Records for this task:
▶

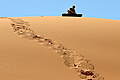 Sandboarding at Erg Chebbi dunes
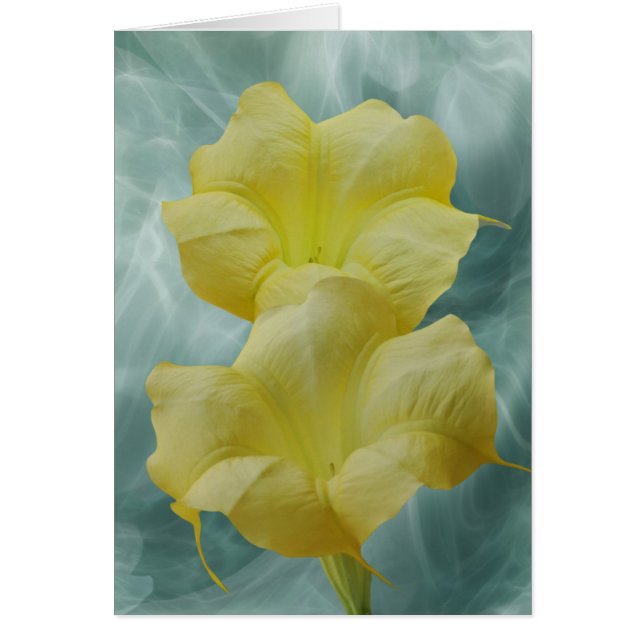 Gelbe Mond-Blume (Vorne)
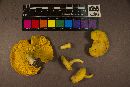 Cantharellus tenuithrix image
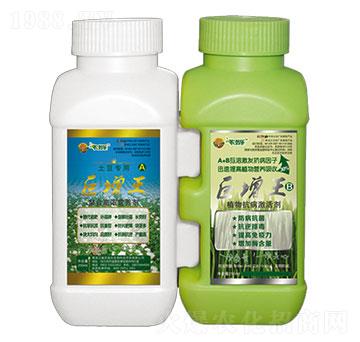 ��������������-�r(n��ng)�̘�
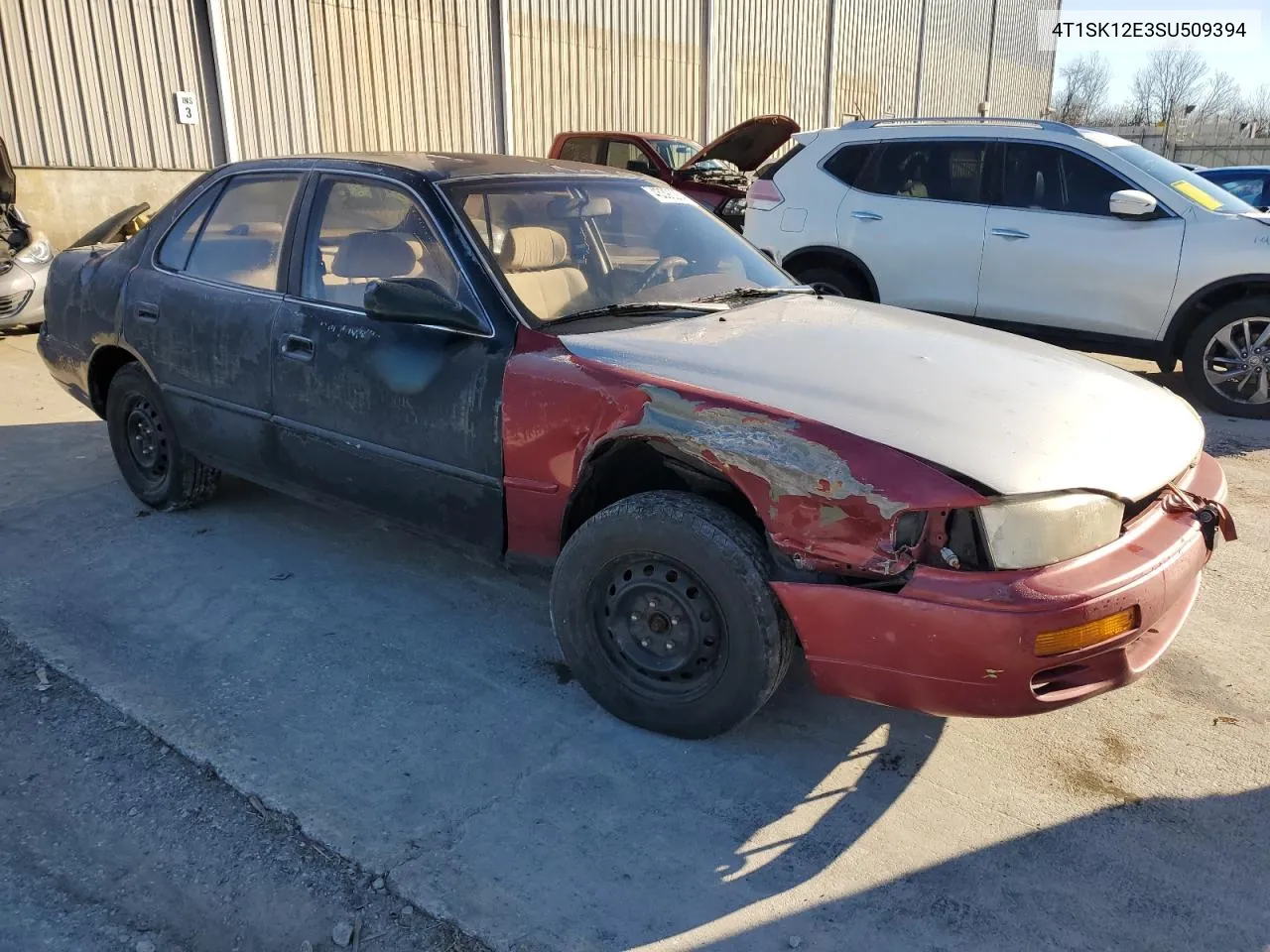 4T1SK12E3SU509394 1995 Toyota Camry Le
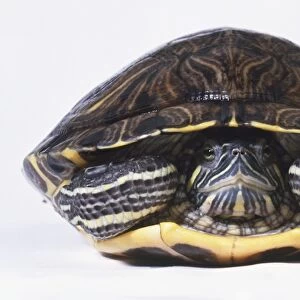 Red-eared slider turtle or terrapin (Trachemys scripta elegans), retreated in its shell, front view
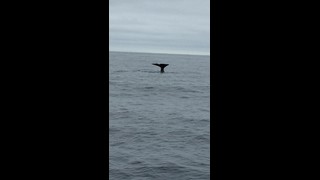 Egy másik meglesett bálna a Nordkapp túra mellékleteként.
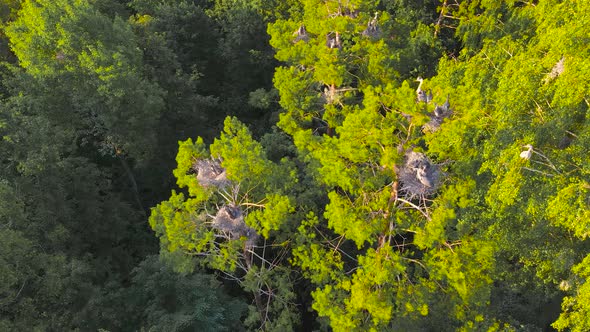 Top View of Nests of Gray Herons with Chicks at Sunset
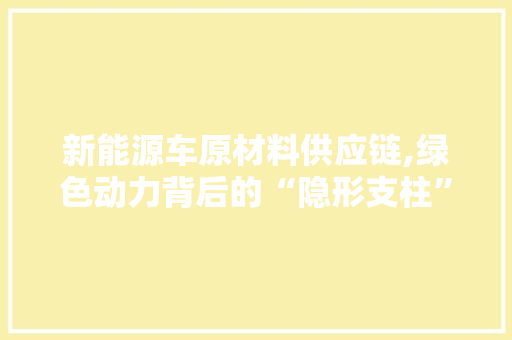 新能源车原材料供应链,绿色动力背后的“隐形支柱”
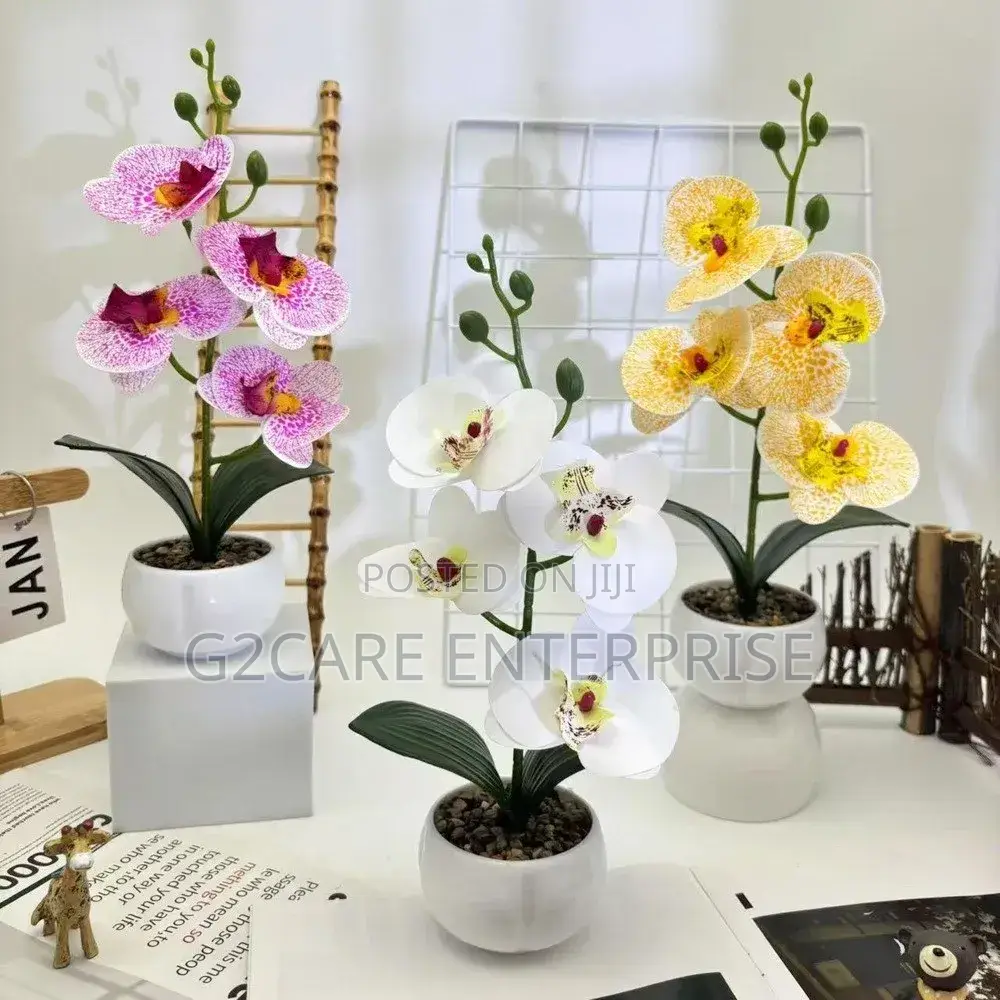 Home Decor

◀

The answer is the entries above, given again exactly, with no pictures among them.

 Sandboarding at Erg Chebbi dunes
 Gelbe Mond-Blume (Vorne)
 Cantharellus tenuithrix image
 ��������������-�r(n��ng)�̘�
 4T1SK12E3SU509394 1995 Toyota Camry Le
 Red-eared slider turtle or terrapin (Trachemys scripta elegans), retreated in its shell, front view
 Egy másik meglesett bálna a Nordkapp túra mellékleteként.
 Top View of Nests of Gray Herons with Chicks at Sunset
 新能源车原材料供应链,绿色动力背后的“隐形支柱”
 Home Decor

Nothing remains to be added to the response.